Plaintiff alleges that defendant Mattice returned his grievances regarding counts I and II, stating that the issues were not grieveable. He claims that Mattice's actions violated his Fourteenth Amendment rights. However, prisoners have no constitutional right to an inmate grievance system. Olim v. Wakinekona, 461 U.S. 238, 249 (1983). Thus, the non-existence of, or the failure of prison officials to properly implement an administrative appeals process within the prison system does not raise constitutional concerns. Buckley v. Barlow, 997 F.2d 494, 495 (8th Cir.1993); Flick v. Alba, 932 F.2d 728 (8th Cir.1991). "[A prison] grievance procedure is a procedural right only, it does not confer any substantive right upon the inmates." Buckley, 997 F.2d at 495 (citing Azeez v. DeRobertis, 568 F.Supp. 8, 10 (N.D.Ill.1982); see also Mann v. Adams, 855 F.2d 639, 640 (9th Cir.1988). "Hence, it does not give rise to a protected liberty interest requiring the procedural protections envisioned by the Fourteenth Amendment." Azeez v. DeRobertis, 568 F.Supp. at 10; Spencer v. Moore, 638 F.Supp. 315, 316 (E.D . Mo.1986). Specifically, failure to process a grievance does not state a constitutional violation. Buckley, 997 F.2d at 495. Thus, a prison official's involvement and actions in reviewing prisoner's administrative appeal cannot serve as the basis for liability under a § 1983 action. Buckley, 997 F.2d at 495. Accordingly, plaintiff's Fourteenth Amendment claim in count III is dismissed.

However, plaintiff alleges in count III, again without elaboration, that Mattice conspired with Vidaurri, Neubauer, Martinez and Schobert to violate his civil rights in retaliation for lawsuits that he has filed against Nevada Department of Corrections officials. As stated above, he also referenced alleged retaliatory acts by certain defendants in count I.

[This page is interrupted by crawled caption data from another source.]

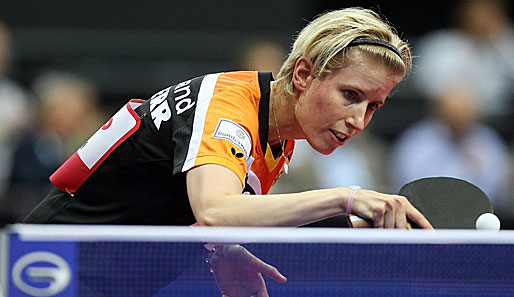 Kristin Silbereisen fährt als zweite DTTB-Spielerin zu Olympia 2012 nach London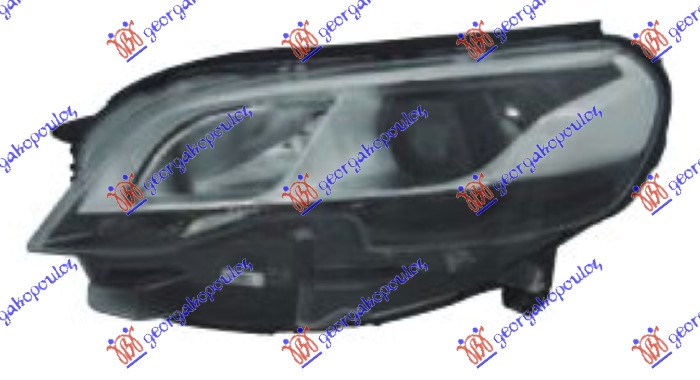 FAR XENON (D8S/H1) (SA MOTOROM) (TYC) PEUGEOT EXPERT/TRAVELLER 2016-2025 (V)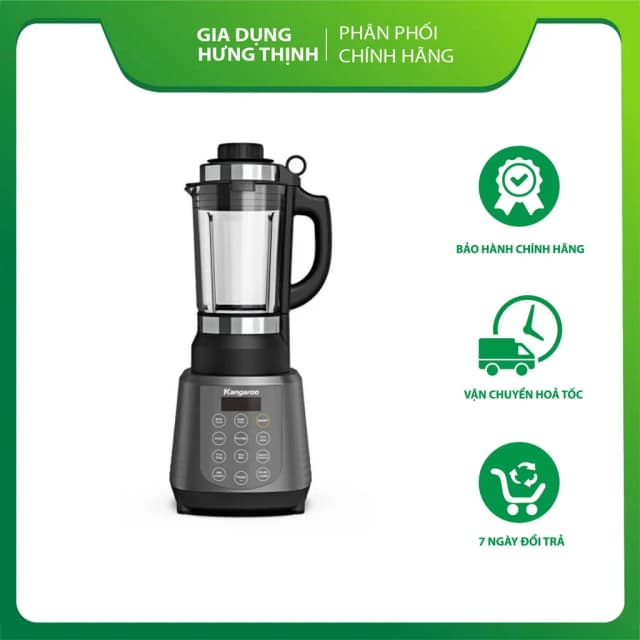 Top 1 so sánh giá Máy làm sữa hạt đa năng Kangaroo KG175HB1 - Tìm sản phẩm giá rẻ nhất - Ảnh 74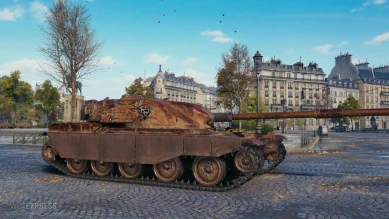 Настраиваемый 2D-стиль «Дуб-хранитель» в World of Tanks Настраиваемый 2D-стиль «Дуб-хранитель» в World of Tanks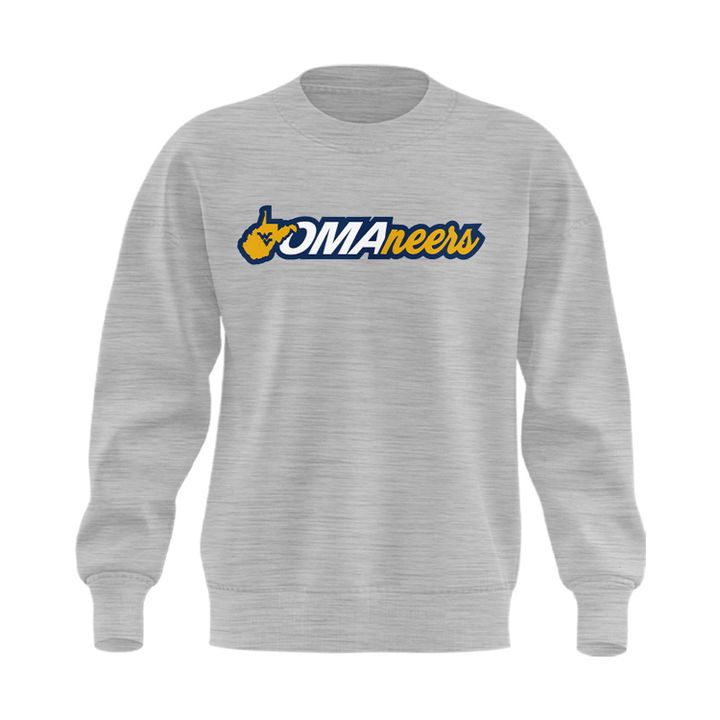 West Virginia Mountaineers 2026 NCAA Baseball Men's College World Series Omaneers Sweatshirt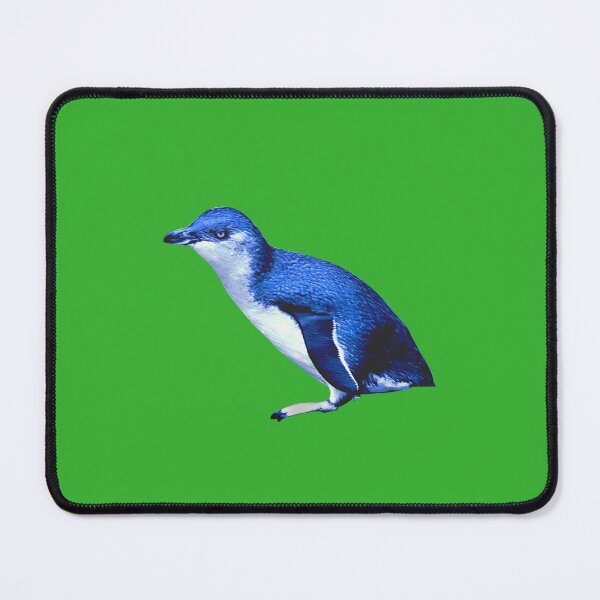 Item preview, SBP Little Blue Penguin (Bright Green #35B02C background)  designed and sold by SBPenguins.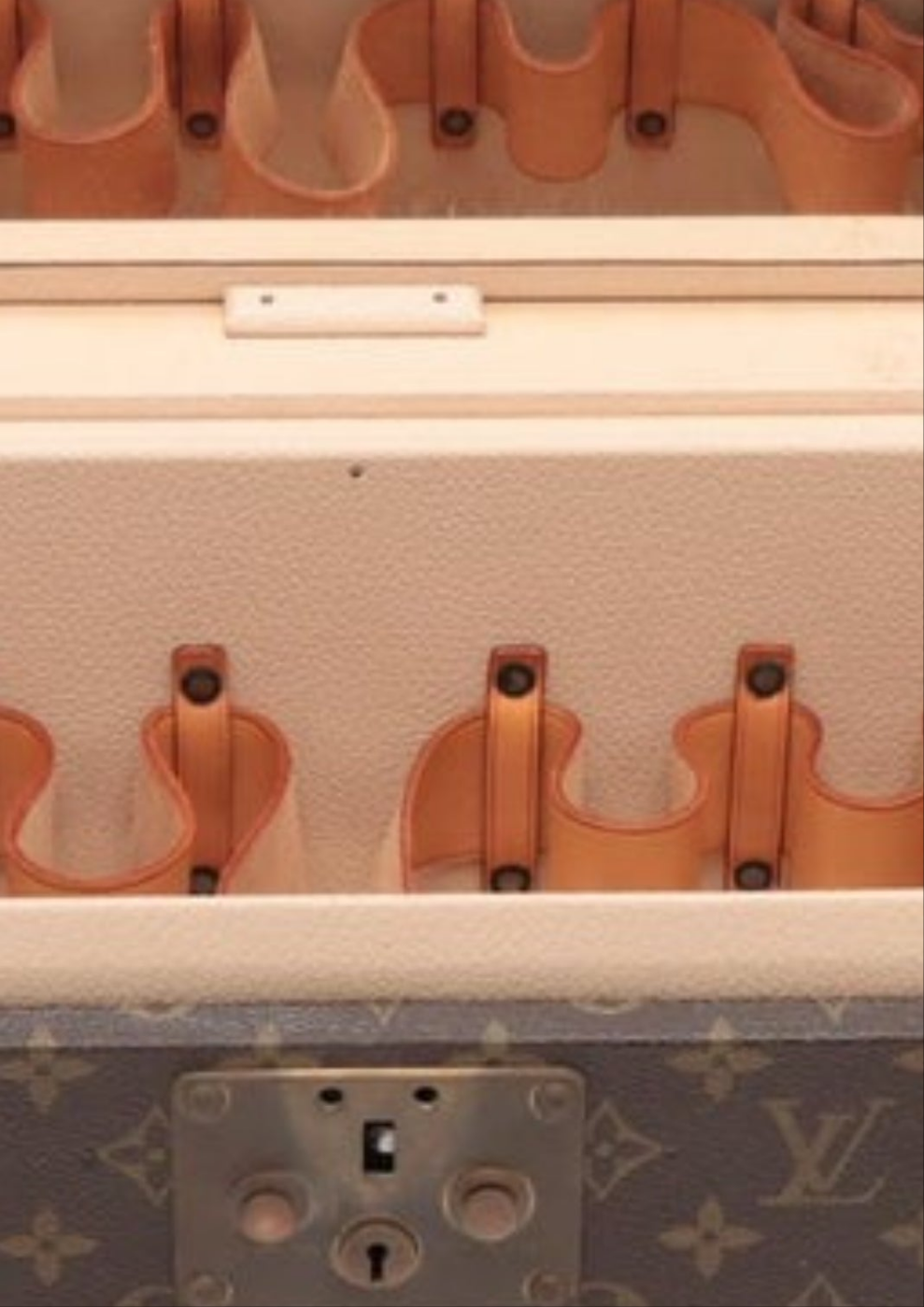 Louis Vuitton Monogram Vintage Vanity Beauty Case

"A prisoner suing prison officials under [§] 1983 for retaliation must allege that he [or she] was retaliated against for exercising his [or her] constitutional rights and that the retaliatory action does not advance legitimate penological goals, such as preserving institutional order and discipline." Barnett v. Centoni, 31 F.3d 813, 815-16 (9th Cir. 1994) (per curiam); see also Rhodes v. Robinson, 408 F.3d 559, 567-68 (9th Cir. 2005); Austin v. Terhune, 367 F.3d 1167-1170-71 (9th Cir. 2004); Bruce v. Ylst, 351 F.3d 1283, 1288 (9th Cir. 2003); Vignolo v. Miller, 120 F.3d 1075, 1077-78 (9th Cir. 1997); Hines v. Gomez, 108 F.3d 265, 267 (9th Cir. 1997); Pratt v. Rowland, 65 F.3d 802, 806 (9th Cir. 1995); Schroeder v. McDonald, 55 F.3d 454, 461 (9th Cir. 1995); Rizzo v. Dawson, 778 F.2d 527, 532 (9th Cir. 1985). Such claims must be evaluated in the light of the deference that must be accorded to prison officials. See Pratt, 65 F.3d at 807; see also Vance v. Barrett, 345 F.3d 1083, 1093 (9th Cir. 2003). The prisoner must submit evidence, either direct or circumstantial, to establish a link between the exercise of constitutional rights and the allegedly retaliatory action. Compare Pratt, 65 F.3d at 807 (finding insufficient evidence) with Valandingham v. Bojorquez, 866 F.2d 1135, 1138-39 (9th Cir. 1989) (finding sufficient evidence). Timing of the events surrounding the alleged retaliation may constitute circumstantial evidence of retaliatory intent. See Soranno's Gasco, Inc. v. Morgan, 874 F.2d 1310, 1316 (9th Cir. 1989). Finally, the prisoner must demonstrate that his First Amendment rights were actually chilled by the alleged retaliatory action. See Resnick v. Hayes, 213 F.3d 443, 449 (9th Cir. 2000); see also Rhodes, 408 F.3d at 568 (explaining that, at the pleading stage, a prisoner is not required "to demonstrate a total chilling of his [or her] First Amendment rights to file grievances and to pursue civil litigation in order to perfect a retaliation claim. Speech can be chilled even when not completely silenced.") (emphasis in original); Gomez v. Vernon, 255 F.3d 1118, 1127-28 (9th Cir. 2001) (holding that "repeated threats of transfer because of [the plaintiff's] complaints about the administration of the [prison] library" were sufficient to ground a retaliation claim).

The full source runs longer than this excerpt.